Tigers didn’t live in the wild now. It seemed like nobody did. She wasn’t being logical, but Lily nodded.
“Isn’t it funny?” Lily finally said.
“What?”
“Well, you don’t like anybody. But you care so much about what happened to these people you’ve never met, that you read about in a pile of papers.”
“I’m just frustrated. I like to finish things.”
But Lily pushed on. “Why do you think that is, that you love these people you don’t know?”
Adri shook her head. “I don’t. I’m just curious.”
Lily shrugged. Offhandedly, as they were leaving the room, she said, “Maybe it’s because you’re invisible to them. Maybe that’s why you let them in.” She tapped on the wall on her way out, as if for good luck. “It’s less scary that way.”
“Ugh,” Adri said. “Did anyone ever tell you you’re not, like, an ancient oracle, you just look like one?”
Lily laughed at that.
They made their way down a long hallway to the opposite side of the building, where the records were housed. Adri filled out a long form that specified what she was after:
Your address: 268 Jericho Road, Canaan, KS 67124
Searching for records related to which person(s):
Catherine Godspeed, Beezie Godspeed, Beth Abbott Godspeed
Timeframe: 1934–1940
Last known locality of person(s): Canaan, Kansas
When she brought the paper up to the man behind the front desk, he glanced over it quickly, then smiled.
“All righty. We’ll let you know.”
“You mean I don’t get to see anything today?” Adri was disbelieving, crestfallen.

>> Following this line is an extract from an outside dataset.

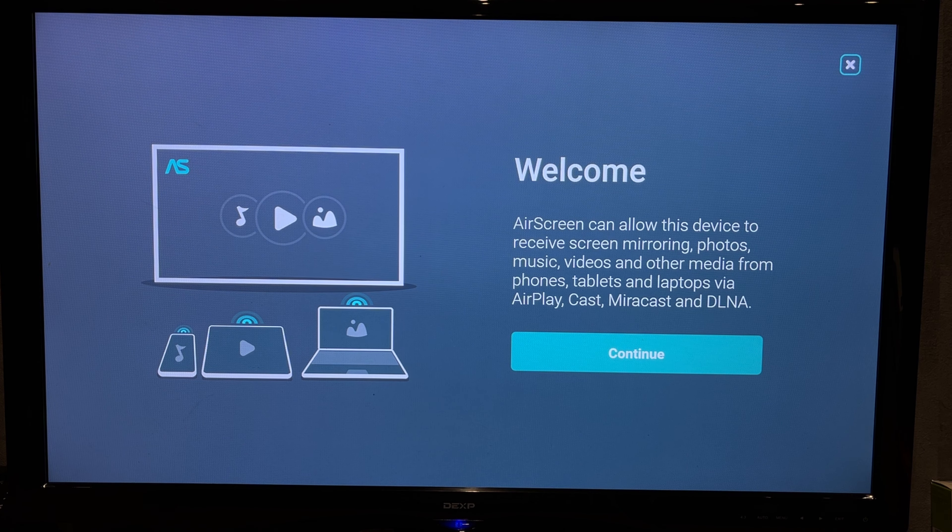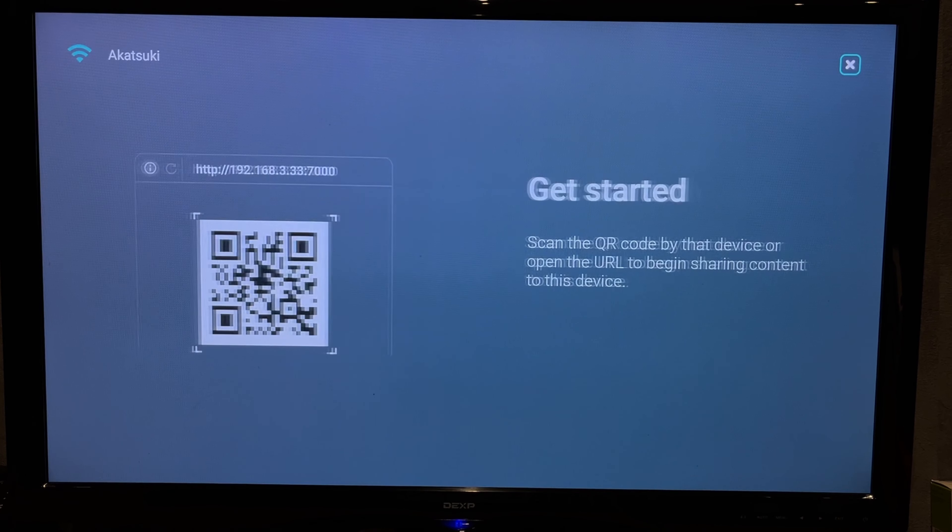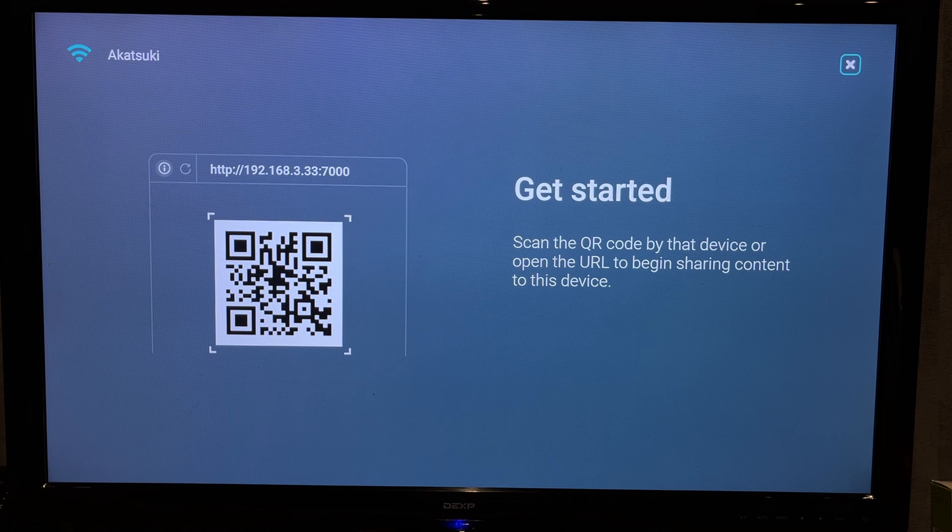Continue. Your Apple device and your Fire TV must be connected to the same Wi-Fi network. Scan the QR code or open the link.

He shook his head. “Some of the records are housed off-site because there’s just not enough room. We’ll be in touch if we have any success. If you haven’t heard from us in six weeks or so, it means nothing came up related to your criteria. But we’ll send you a slip in the mail to confirm.”
“Six weeks?” She’d be long gone by then. “It’s not like I’m asking for you guys to find Amelia Earhart’s bones, I’m just looking for some records that already belong to this archive.” Lily shot her a look, so she added, “Sir.”
The man was unmoved.
“I’m sorry about my cousin,” Lily said. “She doesn’t have parents. She’s from Florida. She was raised by dolphins.”
Back in the car, Lily looked around, a little disoriented. “Why did we just go there?” she asked.
Adri turned to her, confused. “We were looking for the Godspeeds, remember?”
“Oh, right,” Lily said. But it was clear she was just pretending to remember.